▶ **Work item**
Copy down the listing below exactly. Do not include pictures.

▶ **Information provided**
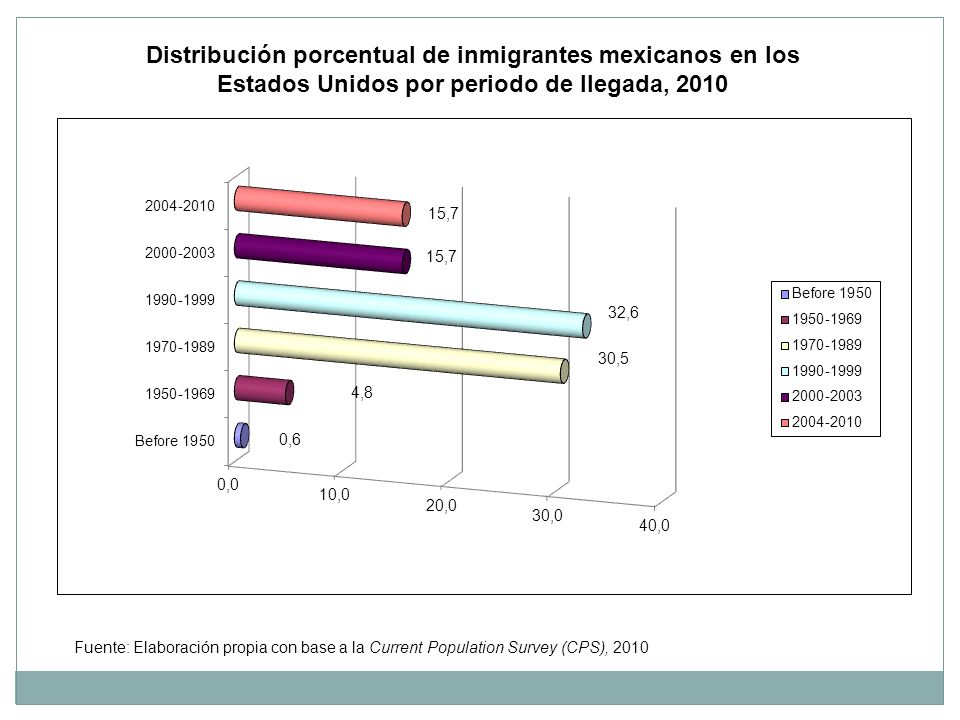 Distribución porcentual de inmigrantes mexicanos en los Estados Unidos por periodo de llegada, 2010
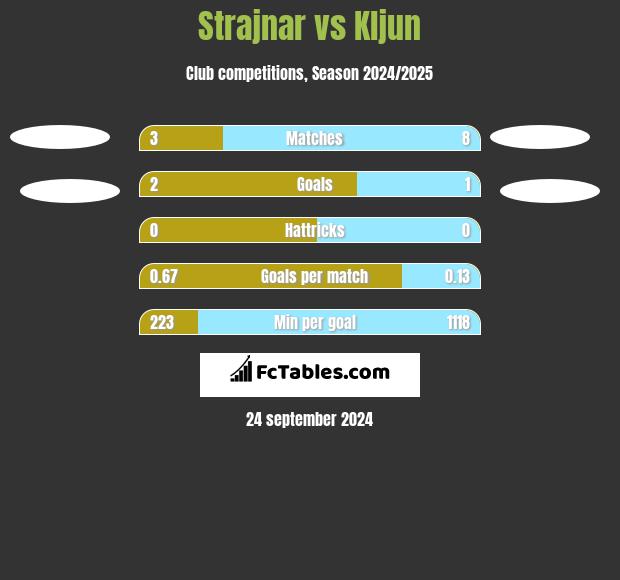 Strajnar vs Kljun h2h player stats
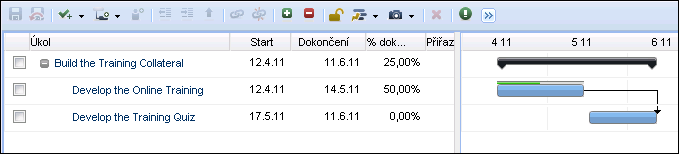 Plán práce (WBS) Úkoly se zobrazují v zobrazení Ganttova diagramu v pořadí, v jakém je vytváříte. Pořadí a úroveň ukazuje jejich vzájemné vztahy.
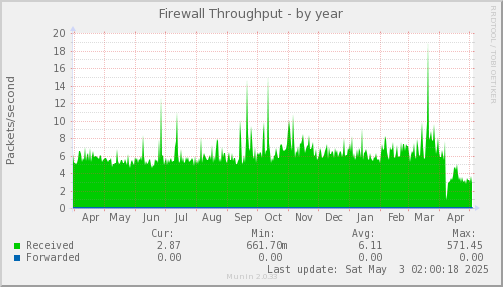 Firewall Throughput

▶ **Response area**
 Distribución porcentual de inmigrantes mexicanos en los Estados Unidos por periodo de llegada, 2010
 Strajnar vs Kljun h2h player stats
 Plán práce (WBS) Úkoly se zobrazují v zobrazení Ganttova diagramu v pořadí, v jakém je vytváříte. Pořadí a úroveň ukazuje jejich vzájemné vztahy.
 Firewall Throughput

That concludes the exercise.